WORK INSTRUCTION: Given the entries that follow, write out exactly the lines starting at the one containing "HARLOW BROOKE SWEATER - CHOCOLATE" and ending at the one containing "Vinterjakke med p&aring;satte", both ends included, and only those.

TASK INPUTS:
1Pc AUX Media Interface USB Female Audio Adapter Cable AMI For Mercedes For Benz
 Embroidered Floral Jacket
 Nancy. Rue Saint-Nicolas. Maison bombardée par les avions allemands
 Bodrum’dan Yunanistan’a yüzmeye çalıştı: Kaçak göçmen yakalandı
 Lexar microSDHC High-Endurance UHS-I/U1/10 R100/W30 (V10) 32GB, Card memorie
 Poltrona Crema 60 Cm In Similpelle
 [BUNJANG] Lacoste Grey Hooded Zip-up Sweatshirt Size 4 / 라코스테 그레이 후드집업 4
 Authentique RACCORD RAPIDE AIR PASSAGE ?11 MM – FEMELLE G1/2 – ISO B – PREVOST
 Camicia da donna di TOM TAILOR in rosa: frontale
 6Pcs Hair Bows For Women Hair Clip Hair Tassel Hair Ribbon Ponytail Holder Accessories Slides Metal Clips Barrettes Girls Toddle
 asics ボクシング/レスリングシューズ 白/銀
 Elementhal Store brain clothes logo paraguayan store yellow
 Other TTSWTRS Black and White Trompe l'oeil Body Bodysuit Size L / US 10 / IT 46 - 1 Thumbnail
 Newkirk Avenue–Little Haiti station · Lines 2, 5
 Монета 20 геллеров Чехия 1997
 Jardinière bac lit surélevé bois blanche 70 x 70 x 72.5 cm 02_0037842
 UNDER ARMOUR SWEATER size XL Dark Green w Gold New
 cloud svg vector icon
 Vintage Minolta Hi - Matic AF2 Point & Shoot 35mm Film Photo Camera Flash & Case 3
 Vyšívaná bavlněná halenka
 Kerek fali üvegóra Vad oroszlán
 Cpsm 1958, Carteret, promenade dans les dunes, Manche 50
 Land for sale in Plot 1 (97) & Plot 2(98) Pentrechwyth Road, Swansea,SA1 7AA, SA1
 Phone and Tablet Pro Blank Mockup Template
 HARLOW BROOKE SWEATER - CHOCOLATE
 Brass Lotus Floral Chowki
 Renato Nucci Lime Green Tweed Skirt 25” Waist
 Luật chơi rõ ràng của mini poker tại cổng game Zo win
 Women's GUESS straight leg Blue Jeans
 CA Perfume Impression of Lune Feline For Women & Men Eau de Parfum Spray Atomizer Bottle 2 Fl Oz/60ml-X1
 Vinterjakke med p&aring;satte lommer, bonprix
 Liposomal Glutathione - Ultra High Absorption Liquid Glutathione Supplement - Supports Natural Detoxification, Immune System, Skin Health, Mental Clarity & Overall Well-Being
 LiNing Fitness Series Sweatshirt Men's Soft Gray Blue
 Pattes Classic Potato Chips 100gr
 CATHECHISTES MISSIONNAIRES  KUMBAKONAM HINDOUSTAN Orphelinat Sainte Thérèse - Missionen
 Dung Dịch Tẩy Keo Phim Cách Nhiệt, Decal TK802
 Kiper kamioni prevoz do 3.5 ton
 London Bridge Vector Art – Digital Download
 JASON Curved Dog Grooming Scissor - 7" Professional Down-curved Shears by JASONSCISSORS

YOUR RESPONSE:
 HARLOW BROOKE SWEATER - CHOCOLATE
 Brass Lotus Floral Chowki
 Renato Nucci Lime Green Tweed Skirt 25” Waist
 Luật chơi rõ ràng của mini poker tại cổng game Zo win
 Women's GUESS straight leg Blue Jeans
 CA Perfume Impression of Lune Feline For Women & Men Eau de Parfum Spray Atomizer Bottle 2 Fl Oz/60ml-X1
 Vinterjakke med p&aring;satte lommer, bonprix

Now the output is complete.